- _WHAT THE TASK ASKS_
Where the line containing "Obraz premium Golden" appears, start copying; continue through the last line below and copy nothing else.

=== Section Start ===

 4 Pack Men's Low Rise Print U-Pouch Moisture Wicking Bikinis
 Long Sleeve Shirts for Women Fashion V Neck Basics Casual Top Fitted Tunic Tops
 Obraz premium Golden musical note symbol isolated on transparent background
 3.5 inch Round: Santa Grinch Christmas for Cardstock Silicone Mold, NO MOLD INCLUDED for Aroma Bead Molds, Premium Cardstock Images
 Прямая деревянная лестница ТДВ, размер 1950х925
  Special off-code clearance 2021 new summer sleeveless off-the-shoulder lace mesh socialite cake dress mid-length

=== Section End ===

- _TASK OUTPUT_
 Obraz premium Golden musical note symbol isolated on transparent background
 3.5 inch Round: Santa Grinch Christmas for Cardstock Silicone Mold, NO MOLD INCLUDED for Aroma Bead Molds, Premium Cardstock Images
 Прямая деревянная лестница ТДВ, размер 1950х925
  Special off-code clearance 2021 new summer sleeveless off-the-shoulder lace mesh socialite cake dress mid-length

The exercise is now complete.